On Saturday, March 30, thousands of chicks will hatch at Murray McMurray. Twenty-five of them will be shipped on the next day and arrive at my post office first thing on Monday morning, April 1. When I ordered the chicks in the middle of the winter, I’d had images of their arrival at the beginning of a new season, with fresh green grass on the lawn and crocuses coming up in the woodland. April Fools joke on me! This is what my front yard looks like.
Instead of putting the chicks into a heated brooder, I had hoped that I’d be able to sneak the chicks underneath a couple of broody hens, and let them raise the chicks up. A broody hen is awash in hormones that make her want to care for chicks, and she’ll do a very good job of it, keeping them warm, and leading them to food and water. Those plans are dashed. First of all, none of my hens are broody. I don’t think that they believe it’s springtime, either. Secondly, each broody hen and her batch of chicks need to be kept in a separate enclosure. Contrary to the heartwarming videos on YouTube, hens do not like to share. Not food. Not chicks. My friend Wendy has a lot of experience with mamma hens and chicks and she’s told me about the mayhem, the attempted abduction of chicks, and the bloodshed, when two fiercely maternal chickens live in the same enclosure.

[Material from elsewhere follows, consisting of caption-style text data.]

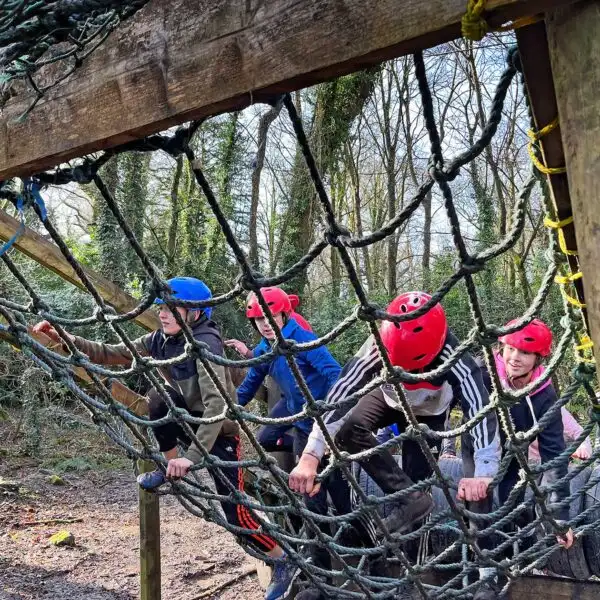 A group of students navigating an obstacle course with ropes and nets at Fota Island Adventure.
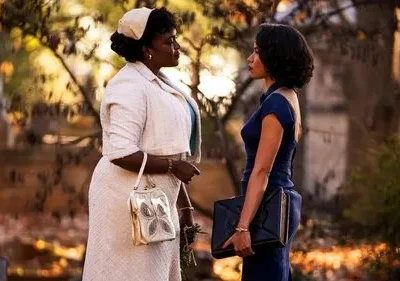 Duas mulheres com figurinos de época se encaram num parque com luz quente de outono. Uma veste creme, a outra azul-marinho. Atmosfera séria.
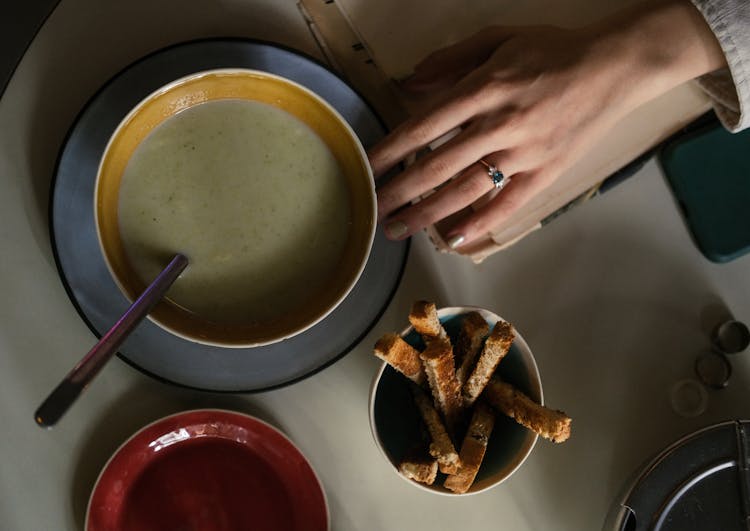 Overhead Shot Of A Person's Hand Near A Bowl Of Soup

The solution, and what was done in the days before kerosene (and then gas, and then electric) brooders were invented, was to put each mama hen into her own brood coop. These were small enclosures. The hen had access to food and water inside. She couldn’t leave, but her chicks were free to come and go at will.
This design is from a 1907 USDA publication.
This A-frame is another version. (Note that this is what these triangular shelters are designed for. They are not meant to be your flock’s permanent housing!)
I have spare rabbit hutches that I was going to turn into brood coops and put temporary fencing around. But, that doesn’t work in the snow. And, even if the ground was bare and dry, what with the weasels and foxes looking for dinner on my property, I couldn’t possibly keep such a setup safe.
Instead, when my chicks arrive they’ll be put into a traditional brooder with an electric heat lamp. With Steve’s help I’ve just set it up in the Little Barn. I’ll be doing numerous posts in the next few weeks to walk you through what I do, so that when you get your own chicks, you’ll be ready.
On April 1 the cam in the Little Barn will be moved into the brooder. ChickCam!
So, who’s getting chicks and when are they arriving?